##### Given records

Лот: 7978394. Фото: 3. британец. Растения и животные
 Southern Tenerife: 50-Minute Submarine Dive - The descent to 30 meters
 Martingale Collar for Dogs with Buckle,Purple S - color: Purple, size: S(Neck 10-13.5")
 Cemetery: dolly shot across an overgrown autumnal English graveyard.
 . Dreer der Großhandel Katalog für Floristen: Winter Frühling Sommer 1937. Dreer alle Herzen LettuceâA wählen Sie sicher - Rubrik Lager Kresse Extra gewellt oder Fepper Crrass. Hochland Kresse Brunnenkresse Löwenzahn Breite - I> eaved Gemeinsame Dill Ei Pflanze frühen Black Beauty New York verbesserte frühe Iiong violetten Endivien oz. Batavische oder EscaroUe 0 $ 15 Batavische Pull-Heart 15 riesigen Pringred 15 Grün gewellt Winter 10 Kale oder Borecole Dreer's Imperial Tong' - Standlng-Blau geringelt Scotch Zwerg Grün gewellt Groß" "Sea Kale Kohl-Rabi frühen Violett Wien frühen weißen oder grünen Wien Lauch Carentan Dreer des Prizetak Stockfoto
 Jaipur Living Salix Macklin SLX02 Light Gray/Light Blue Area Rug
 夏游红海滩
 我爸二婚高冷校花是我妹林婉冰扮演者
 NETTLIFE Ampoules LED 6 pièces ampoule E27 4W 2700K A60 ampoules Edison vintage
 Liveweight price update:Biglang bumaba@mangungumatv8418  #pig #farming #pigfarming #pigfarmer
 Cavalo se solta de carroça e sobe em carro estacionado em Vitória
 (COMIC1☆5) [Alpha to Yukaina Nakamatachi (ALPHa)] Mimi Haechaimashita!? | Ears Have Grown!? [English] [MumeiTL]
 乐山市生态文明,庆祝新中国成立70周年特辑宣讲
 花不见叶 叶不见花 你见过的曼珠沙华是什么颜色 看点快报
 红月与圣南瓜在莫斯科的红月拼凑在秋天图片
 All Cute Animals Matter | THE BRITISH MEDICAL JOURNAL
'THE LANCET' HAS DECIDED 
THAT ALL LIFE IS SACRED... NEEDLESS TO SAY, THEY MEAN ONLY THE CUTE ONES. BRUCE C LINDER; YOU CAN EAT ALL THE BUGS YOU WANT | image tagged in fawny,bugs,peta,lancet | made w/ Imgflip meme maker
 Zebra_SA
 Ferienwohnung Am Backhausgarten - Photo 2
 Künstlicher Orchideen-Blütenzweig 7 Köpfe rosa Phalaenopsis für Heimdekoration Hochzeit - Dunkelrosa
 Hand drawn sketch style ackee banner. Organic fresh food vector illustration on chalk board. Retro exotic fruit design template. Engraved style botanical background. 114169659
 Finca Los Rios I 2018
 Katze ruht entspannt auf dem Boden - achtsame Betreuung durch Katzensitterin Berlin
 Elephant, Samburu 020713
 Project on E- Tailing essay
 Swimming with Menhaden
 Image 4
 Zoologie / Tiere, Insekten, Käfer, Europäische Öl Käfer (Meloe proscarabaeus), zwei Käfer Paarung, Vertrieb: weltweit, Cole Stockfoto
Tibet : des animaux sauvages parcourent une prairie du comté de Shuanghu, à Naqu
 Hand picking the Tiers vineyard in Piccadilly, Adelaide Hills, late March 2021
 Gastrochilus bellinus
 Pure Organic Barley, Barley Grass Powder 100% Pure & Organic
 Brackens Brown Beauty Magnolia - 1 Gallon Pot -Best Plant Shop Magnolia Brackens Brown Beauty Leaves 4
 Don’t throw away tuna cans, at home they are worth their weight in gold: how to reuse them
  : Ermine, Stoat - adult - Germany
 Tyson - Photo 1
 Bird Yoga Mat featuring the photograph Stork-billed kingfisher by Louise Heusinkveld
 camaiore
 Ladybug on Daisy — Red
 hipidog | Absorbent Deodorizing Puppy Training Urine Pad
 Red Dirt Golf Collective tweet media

##########

**Try it:**
Every entry is to be returned exactly, with nothing dropped.

**Exercise answer:**
Лот: 7978394. Фото: 3. британец. Растения и животные
 Southern Tenerife: 50-Minute Submarine Dive - The descent to 30 meters
 Martingale Collar for Dogs with Buckle,Purple S - color: Purple, size: S(Neck 10-13.5")
 Cemetery: dolly shot across an overgrown autumnal English graveyard.
 . Dreer der Großhandel Katalog für Floristen: Winter Frühling Sommer 1937. Dreer alle Herzen LettuceâA wählen Sie sicher - Rubrik Lager Kresse Extra gewellt oder Fepper Crrass. Hochland Kresse Brunnenkresse Löwenzahn Breite - I> eaved Gemeinsame Dill Ei Pflanze frühen Black Beauty New York verbesserte frühe Iiong violetten Endivien oz. Batavische oder EscaroUe 0 $ 15 Batavische Pull-Heart 15 riesigen Pringred 15 Grün gewellt Winter 10 Kale oder Borecole Dreer's Imperial Tong' - Standlng-Blau geringelt Scotch Zwerg Grün gewellt Groß" "Sea Kale Kohl-Rabi frühen Violett Wien frühen weißen oder grünen Wien Lauch Carentan Dreer des Prizetak Stockfoto
 Jaipur Living Salix Macklin SLX02 Light Gray/Light Blue Area Rug
 夏游红海滩
 我爸二婚高冷校花是我妹林婉冰扮演者
 NETTLIFE Ampoules LED 6 pièces ampoule E27 4W 2700K A60 ampoules Edison vintage
 Liveweight price update:Biglang bumaba@mangungumatv8418  #pig #farming #pigfarming #pigfarmer
 Cavalo se solta de carroça e sobe em carro estacionado em Vitória
 (COMIC1☆5) [Alpha to Yukaina Nakamatachi (ALPHa)] Mimi Haechaimashita!? | Ears Have Grown!? [English] [MumeiTL]
 乐山市生态文明,庆祝新中国成立70周年特辑宣讲
 花不见叶 叶不见花 你见过的曼珠沙华是什么颜色 看点快报
 红月与圣南瓜在莫斯科的红月拼凑在秋天图片
 All Cute Animals Matter | THE BRITISH MEDICAL JOURNAL
'THE LANCET' HAS DECIDED 
THAT ALL LIFE IS SACRED... NEEDLESS TO SAY, THEY MEAN ONLY THE CUTE ONES. BRUCE C LINDER; YOU CAN EAT ALL THE BUGS YOU WANT | image tagged in fawny,bugs,peta,lancet | made w/ Imgflip meme maker
 Zebra_SA
 Ferienwohnung Am Backhausgarten - Photo 2
 Künstlicher Orchideen-Blütenzweig 7 Köpfe rosa Phalaenopsis für Heimdekoration Hochzeit - Dunkelrosa
 Hand drawn sketch style ackee banner. Organic fresh food vector illustration on chalk board. Retro exotic fruit design template. Engraved style botanical background. 114169659
 Finca Los Rios I 2018
 Katze ruht entspannt auf dem Boden - achtsame Betreuung durch Katzensitterin Berlin
 Elephant, Samburu 020713
 Project on E- Tailing essay
 Swimming with Menhaden
 Image 4
 Zoologie / Tiere, Insekten, Käfer, Europäische Öl Käfer (Meloe proscarabaeus), zwei Käfer Paarung, Vertrieb: weltweit, Cole Stockfoto
Tibet : des animaux sauvages parcourent une prairie du comté de Shuanghu, à Naqu
 Hand picking the Tiers vineyard in Piccadilly, Adelaide Hills, late March 2021
 Gastrochilus bellinus
 Pure Organic Barley, Barley Grass Powder 100% Pure & Organic
 Brackens Brown Beauty Magnolia - 1 Gallon Pot -Best Plant Shop Magnolia Brackens Brown Beauty Leaves 4
 Don’t throw away tuna cans, at home they are worth their weight in gold: how to reuse them
  : Ermine, Stoat - adult - Germany
 Tyson - Photo 1
 Bird Yoga Mat featuring the photograph Stork-billed kingfisher by Louise Heusinkveld
 camaiore
 Ladybug on Daisy — Red
 hipidog | Absorbent Deodorizing Puppy Training Urine Pad
 Red Dirt Golf Collective tweet media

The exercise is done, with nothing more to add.